You should expect $ts \approx $ 8 bits/byte.
Similarly to the entropy test above, no closed form determination of a p value is possible due to the overwhelming algorithmic complexity of the test. The test statistic is the size of the compressed samples file $S$, as:-
$$ ts = |LZMA(S)| + |BZ2(S)| $$
We rely on simulation for the p value directly from the eCDF for $ts$. We also believe that two attempts at compression are better than one. The LZMA and BZ2 compression algorithms are located in the xz-1.9.jar
and commons-compress-1.21.jar
libraries. These jar files should not be changed without consideration of re-calibrating the test’s embedded eCDF.
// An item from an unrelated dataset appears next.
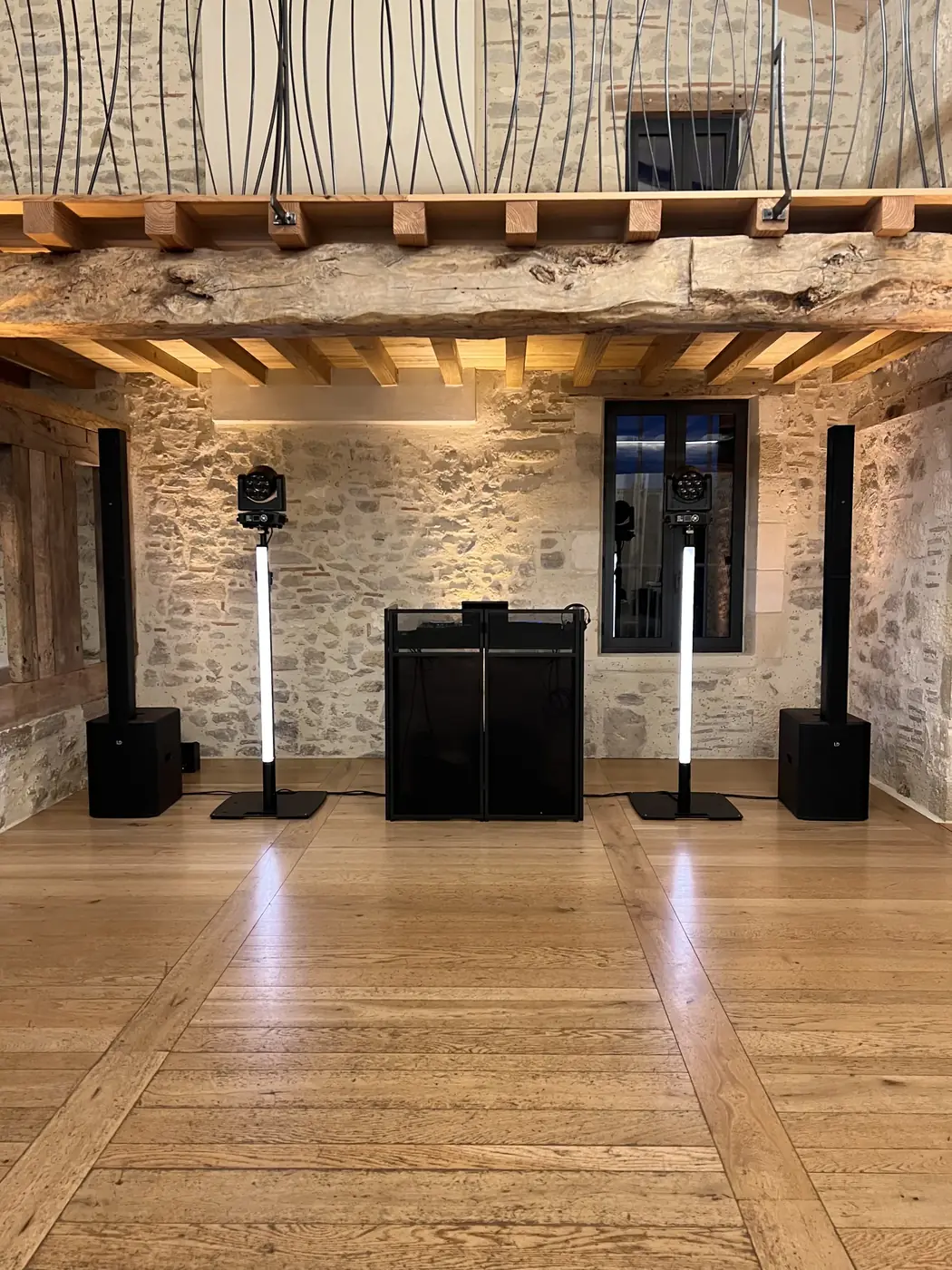 Mariage — Château de Cantecort, Château de Cantecort — photo 1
You should expect $ts$ to be slightly $> 2 \times |S|$.
The chi-square test $(\chi^2)$ is one of the most common tests for the randomness of data, and is extremely sensitive to errors.
The test’s approximation to the chi-squared distribution breaks down if expected frequencies are too low. It will normally be acceptable so long as no more than 20% of the categories have expected frequencies below 5. We surpass 5 by engineering the test to have an expected 34 counts per category (actually slightly greater). If we run the math $(\text{threshold} = 34 \times \text{bits} \times 2^{\text{bits}} /8)$, we arrive at the following minimum sample file lengths for bit windows of sizes 9 to 14. The larger the bit window, the more rigorous the test. ent
uses a bit window of length 8.
Bits | Categories | Threshold | Min.Length |
---|---|---|---|
9 | 512 | 19,584 | 25,000 |
10 | 1,024 | 43,520 | 50,000 |
11 | 2,048 | 95,744 | 100,000 |
12 | 4,096 | 208,896 | 300,000 |
13 | 8,192 | 452,608 | 500,000 |
14 | 16,384 | 974,848 | 1,000,000 |
And finally the p value arises from the $\chi^2$ statistic.
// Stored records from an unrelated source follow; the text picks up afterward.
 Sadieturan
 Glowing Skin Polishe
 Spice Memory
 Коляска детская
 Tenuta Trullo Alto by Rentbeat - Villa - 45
This is simply the result of summing all the bytes in the samples file and dividing by its length. If those bytes are random, the expectation should be 127.5. The variance of the mean is the sum of the variances, which for a discrete uniform distribution of single bytes is $\frac{256^2-1}{12}$. Thus for $n$ bytes:-
$$ \sigma^2 = \frac{256^2-1}{12n} = \frac{5461.25}{n} $$
From here we calculate a standard Z score, $z = \frac{x - \mu}{\sigma},$ and finally a p value.
You should expect $ts \approx $ 127.5.
To compute Monte Carlo estimates of $\pi$, we appropriate the function $f(x) = \sqrt(1 – x^2)$. The average function method is more accurate than ent
’s area method because it has a smaller variance, thus is more rigorous. The graph of the function on the interval [0,1] is shown in the plot below. The curve forms a quarter circle of unit radius and the exact area under the curve is $\pi \over 4$.
We leverage that the average value of a continuous function $f$ on the interval [a, b] is given by the following integral, $ f_{avg} = \frac{1}{b-a} \int_a^b f(x) dx $. That implies that for our curve:-
$$ f_{avg} = \int_0^1 \sqrt(1 – x^2) dx = \frac{\pi}{4} $$
So after estimating the left hand side of the equation, we multiply the estimate by 4 to estimate $\pi$. And that’s its mean value, $\mu$.
And by magic and computing $E[(\sqrt{1-X^2})^2]=\int_0^1 (1-x^2) dx = 2/3$, so that now the variance of $\sqrt{1-X^2}$ is $E[1-X^2]-E[\sqrt{1-X^2}]^2=2/3-(\pi/4)^2,$ we determine that the variance of this estimate of $\pi$ is:-
$$ \sigma^2 = \frac{16}{n} \Bigl\{ 2/3 - \bigl( \frac{\pi}{4} \bigr)^2 \Bigr\} \approx \frac{0.797 062}{n} $$.
(Thanks to Ian for magical assistance with the variance formula.)
From here we calculate a standard Z score, $z = \frac{x - \mu}{\sigma},$ and finally a p value.
You should expect $ts \approx $ 3.14159.
This quantity measures the extent to which each byte in the file depends upon the previous byte. We simply use a standard Java library to compute the Pearson’s correlation (R) between the original samples and another set of identical samples with a lag of 1.
The reasoning for calling this test Uncorrelation rather than Correlation as in the original ent
is that ent
displays the correlation coefficient, which is a test statistic $(ts)$. It’s not a p value. Our library returns a p value associated with the (two-sided) null hypothesis that the corresponding correlation coefficient is zero. Those are opposites, as in a good ent
pass $ts \to 0$ whilst in a good ent3000
“PASS” $p \to 1$. Hence “Un…”